In other words, it’s all my house too. I can’t fix it, I don’t need to repent of it if I didn’t do it, but we should renounce wickedness wherever we see it, and we should ensure it cannot darken the rooms of the house we have some responsibility over ourselves.


If we hold that conviction in our hand it can be hard to see how the Church is Christ’s helper, fitted to her husband. She looks like a mess.

And she is a mess. And she is Christ’s helper, fitted to her husband.

The Church is not yet reached full maturity (Ephesians 4), we know that because Christ has not yet returned. My suspicion would be that we are some way off that, though that’s the sort of speculation I’d be delighted to be wrong about. She may yet have thousands of years to grow up into maturity and wisdom and be fitted for her husband. He’s happy to wait.

Yet, even now she is fitted to him. We—for she is made up of ‘we’—are fitted to him. We complement him and are called to aid him in his kingship.

Do we think of the church like that?

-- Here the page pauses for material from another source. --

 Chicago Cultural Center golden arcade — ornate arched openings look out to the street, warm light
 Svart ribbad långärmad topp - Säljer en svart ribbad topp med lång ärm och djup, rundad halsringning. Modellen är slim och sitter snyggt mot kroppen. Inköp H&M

I think we should, for not only is she marred by the scandal of fallen men whose self-salvation projects are shown to be tatters and straw, but she is the glorious princess who will reign alongside her forever King.

We are what Christ chooses to complement him. A lot of that is about his choice to partner with us to better display the wonders of his glory through our ineptitude, but it’s also a statement of the esteem in which he holds us, his Church. We are dearly loved, and not just as rascally children who always come home covered in mud—as a husband loves his bride.

We would do well to think of the Church like this. It would mean the scandals hurt us more, not less, but it also means we realise the exalted position we are given in the economy of God: the bride, the helper, fitted to the husband.


I suspect I could spin this out in a number of directions, exploring ways in which we are fitted to Christ. I won’t for the sake of brevity, but perhaps it is worth you pondering today. And marvel at the wonder of the Church—to mix our feminine metaphors, our Mother—who is not yet mature, but will be by the end adorned like a bride (Revelation 21) for her husband.

And then he will truly kiss us with the kisses of his mouth (Song of Songs 1).